Exercise directions: The entries below hold a line with "Holiday Home Larauri" and a line with "Madar Al-Saa Images 0.4849923116904935". Return those lines and all that lie between them, exactly and only.

Source data:

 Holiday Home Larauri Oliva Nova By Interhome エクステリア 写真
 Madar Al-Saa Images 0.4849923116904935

==

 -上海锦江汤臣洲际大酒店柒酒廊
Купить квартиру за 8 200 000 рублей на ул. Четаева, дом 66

Exercise solution:
 Holiday Home Larauri Oliva Nova By Interhome エクステリア 写真
 Madar Al-Saa Images 0.4849923116904935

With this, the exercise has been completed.